● WHAT THIS TASK INVOLVES:
The listing below should be written out word for word, with its pictures removed.
____
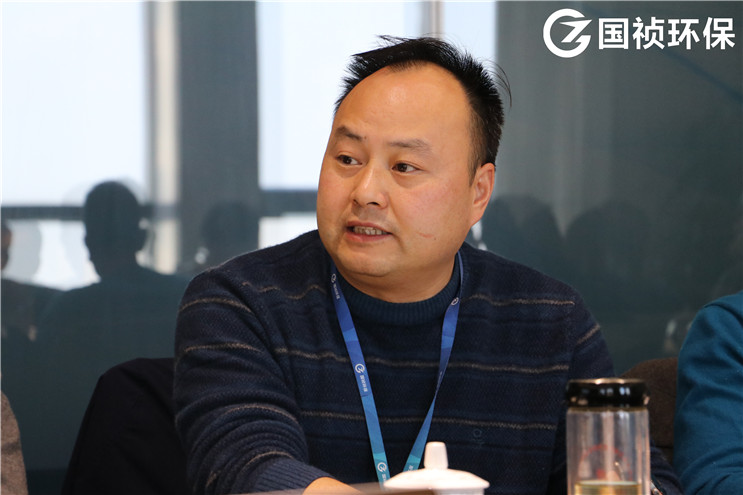 腾博官网-诚信为本,专业服务!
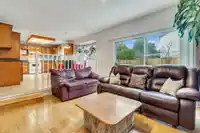 1921 155 STREET - thumbnail 10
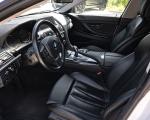 bmw-serie-6-2016-diesel-2993cc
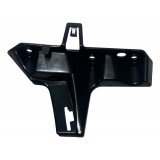 Guia Parachoque Diant Esquerda Range Rover Velar 2020 J917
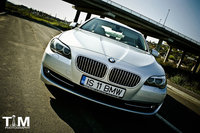 Click image for larger version

Name:	BMW_Seria_5_2010_1.jpg
Views:	55
Size:	187.1 KB
ID:	1445281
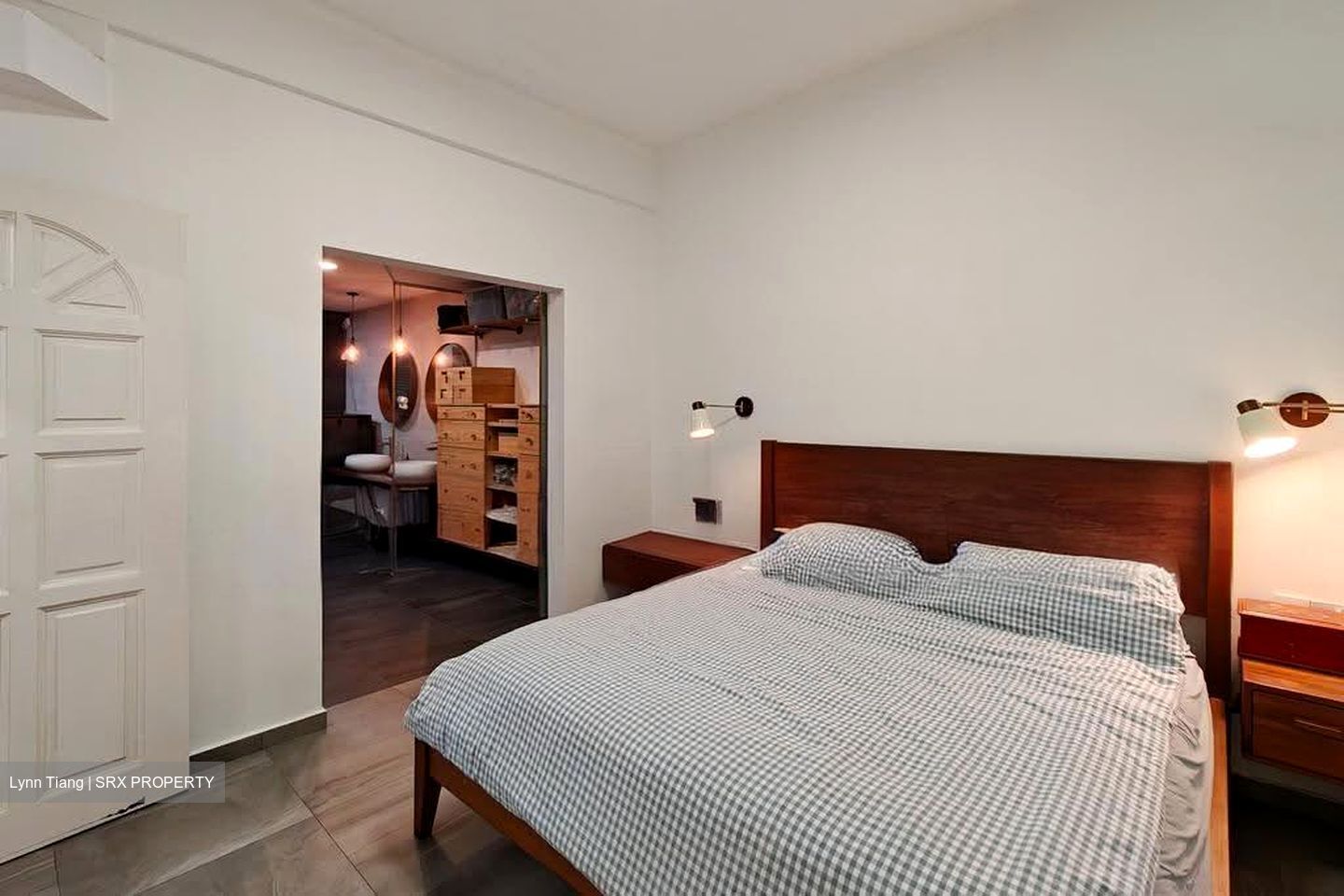 Pillai Road (D19), Terrace #625966581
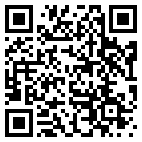 QR Code for Ace Tile Works in Modesto, CA 95354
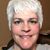 Jennifer Hadden Moore's profile image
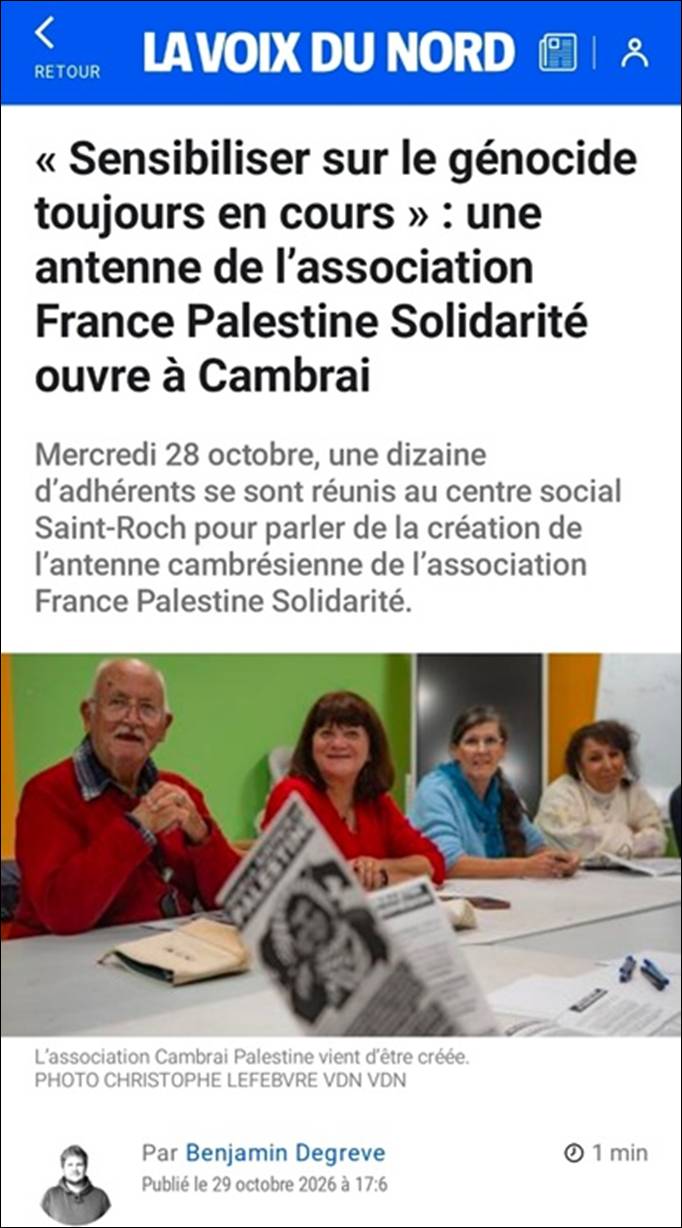2026-10-29VdNCambrai1.jpg
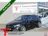 Mercedes-Benz A-Klasse 250 AMG Automaat/Panoramadak/Navigatie/Cruise cont 2016 Benzine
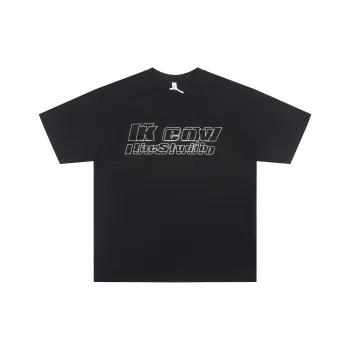 Pa33word T Shirts Unisex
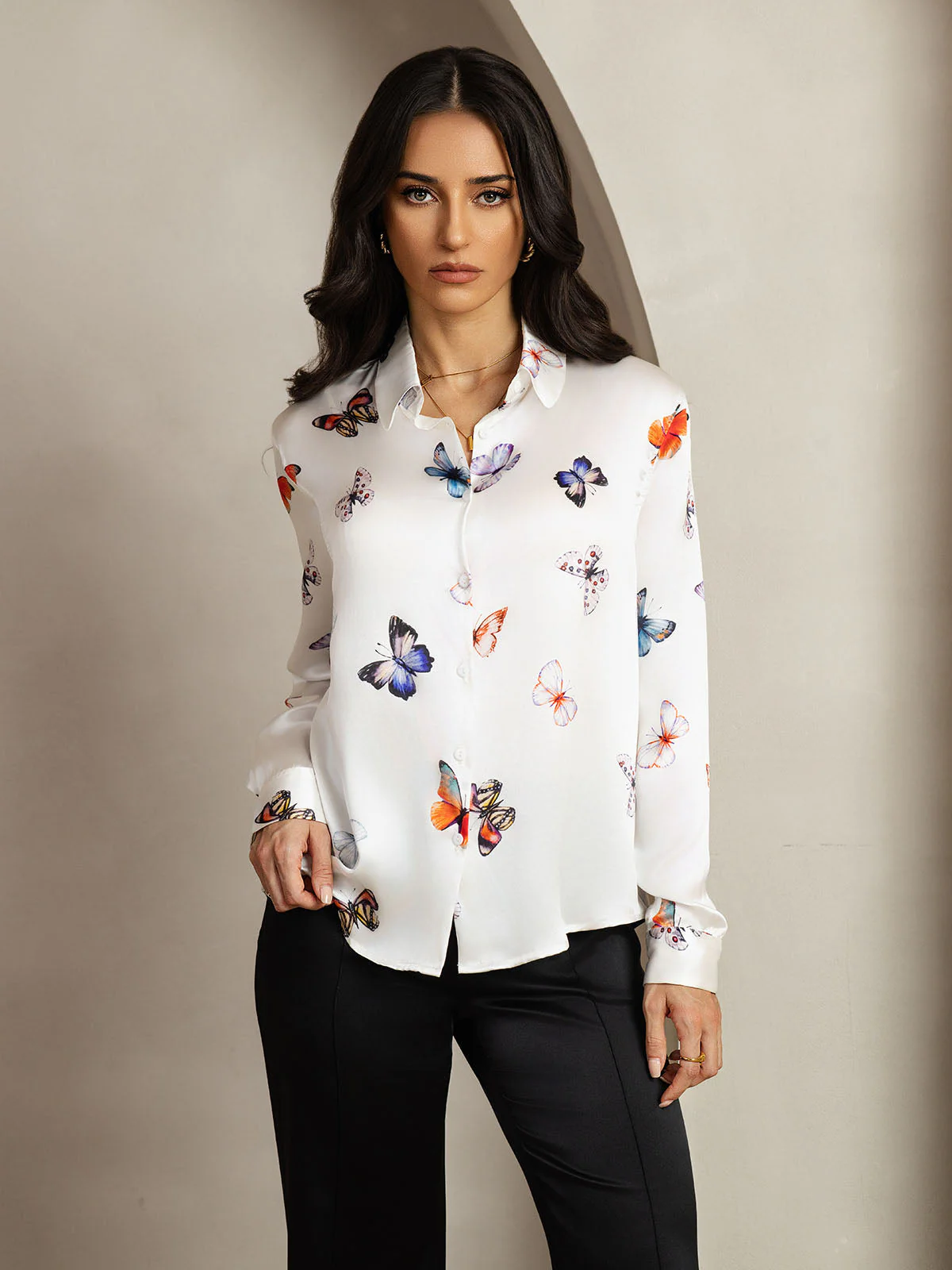 Product image 116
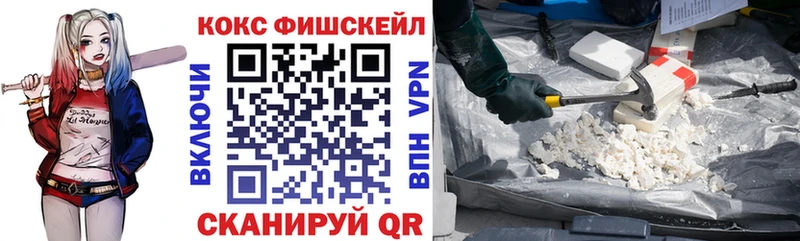 как найти закладки  Отрадный  MEGA маркетплейс  Cocaine VHQ 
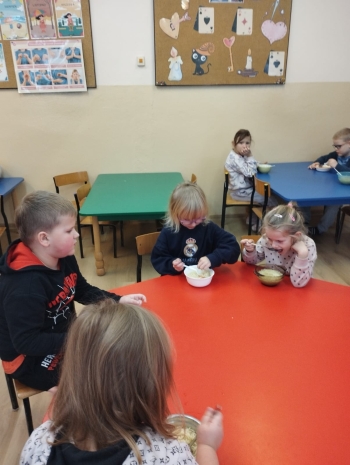 PHOTO-2025-11-26-12-33-22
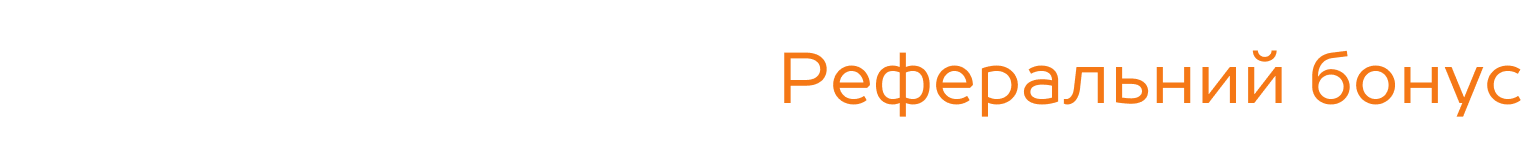 izibank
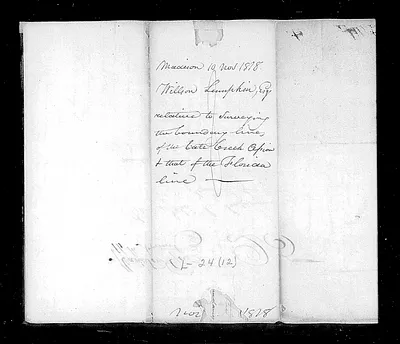 p. 30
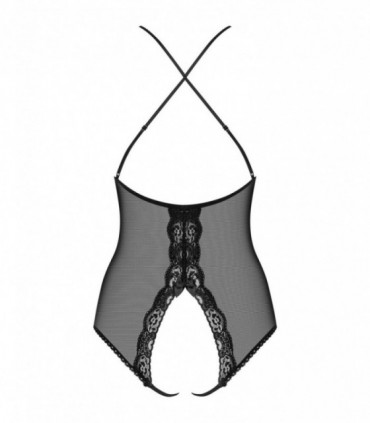 841-TED-1 TEDDY  S/M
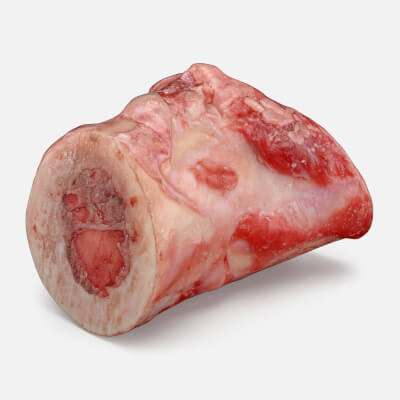 Marrow Bone 01
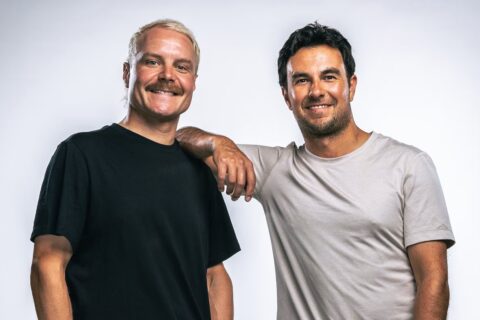 F1 2026: Cadillac recruta Perez e Bottas para missão impossível (ou épica?) na estreia da equipe na Fórmula 1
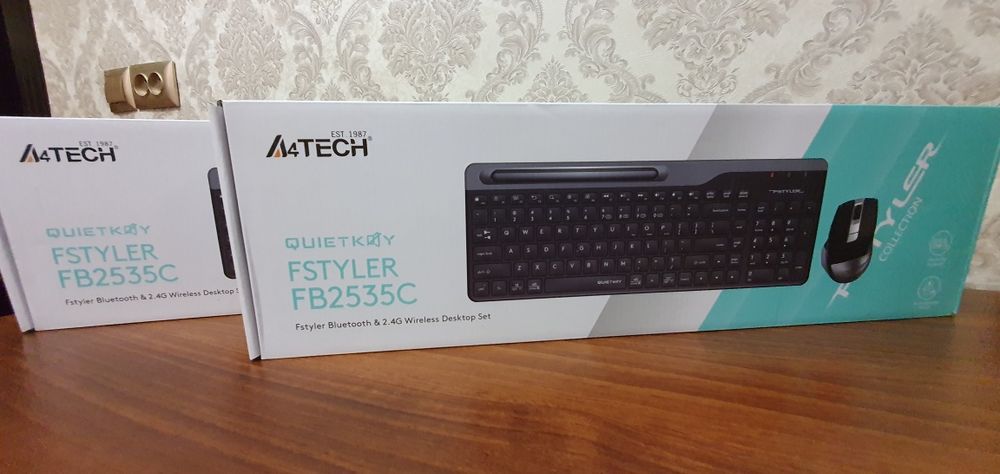 A4tech fstyler fb2535c. Клавиатура fg1010 2,4g power saving wireless desktop set. A4tech fstyler f1010 white/grey. Клавиатура a4tech fstyler fk25 черный usb slim. Fb2535c.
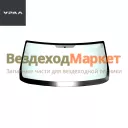 Стекло ветр. окна A21R23.5206010 УРАЛ NEXT (АО АЗ  УРАЛ )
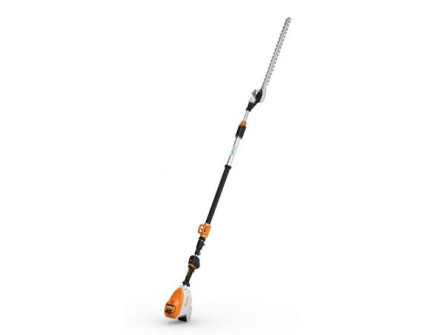 Taille Haie perche STIHL HLA 150 B (Nu)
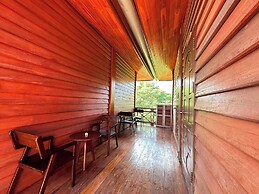 Wang Namthip Hotel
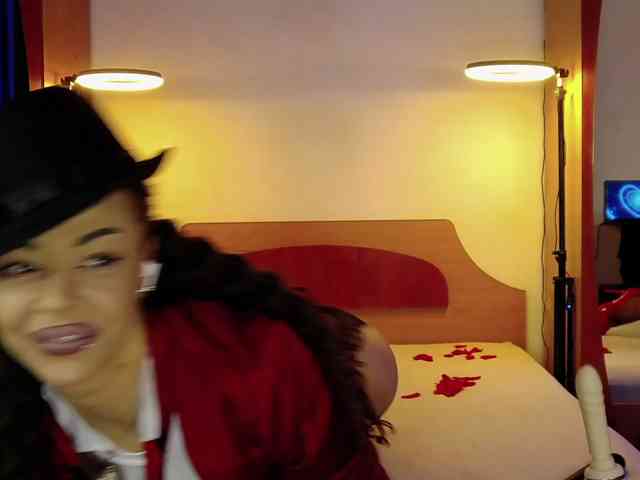 WithinTemptation webcam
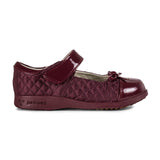 Naomi - Flex® | Burgundy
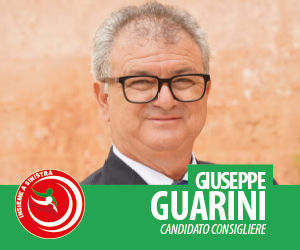 bannermini_guarini2021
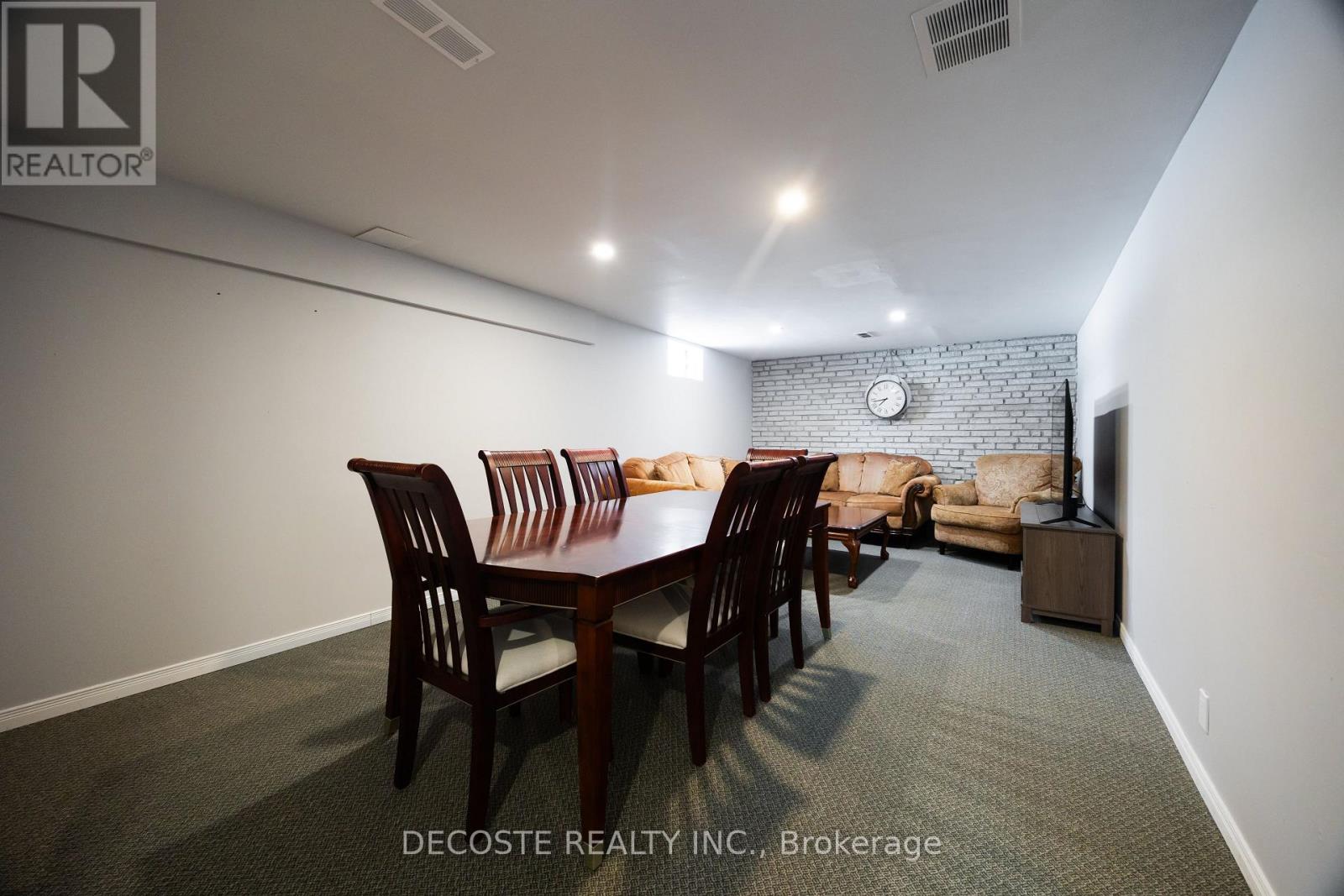 456 Dominion Street S, North Glengarry, Ontario  K0C 1A0 - Photo 21 - X12915622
____
● COMPLETED EXERCISE:
 腾博官网-诚信为本,专业服务!
 1921 155 STREET - thumbnail 10
 bmw-serie-6-2016-diesel-2993cc
 Guia Parachoque Diant Esquerda Range Rover Velar 2020 J917
 Click image for larger version

Name:	BMW_Seria_5_2010_1.jpg
Views:	55
Size:	187.1 KB
ID:	1445281
 Pillai Road (D19), Terrace #625966581
 QR Code for Ace Tile Works in Modesto, CA 95354
 Jennifer Hadden Moore's profile image
2026-10-29VdNCambrai1.jpg
 Mercedes-Benz A-Klasse 250 AMG Automaat/Panoramadak/Navigatie/Cruise cont 2016 Benzine
 Pa33word T Shirts Unisex
 Product image 116
 как найти закладки  Отрадный  MEGA маркетплейс  Cocaine VHQ 
 PHOTO-2025-11-26-12-33-22
 izibank
 p. 30
 841-TED-1 TEDDY  S/M
 Marrow Bone 01
 F1 2026: Cadillac recruta Perez e Bottas para missão impossível (ou épica?) na estreia da equipe na Fórmula 1
 A4tech fstyler fb2535c. Клавиатура fg1010 2,4g power saving wireless desktop set. A4tech fstyler f1010 white/grey. Клавиатура a4tech fstyler fk25 черный usb slim. Fb2535c.
 Стекло ветр. окна A21R23.5206010 УРАЛ NEXT (АО АЗ  УРАЛ )
 Taille Haie perche STIHL HLA 150 B (Nu)
 Wang Namthip Hotel
 WithinTemptation webcam
 Naomi - Flex® | Burgundy
 bannermini_guarini2021
 456 Dominion Street S, North Glengarry, Ontario  K0C 1A0 - Photo 21 - X12915622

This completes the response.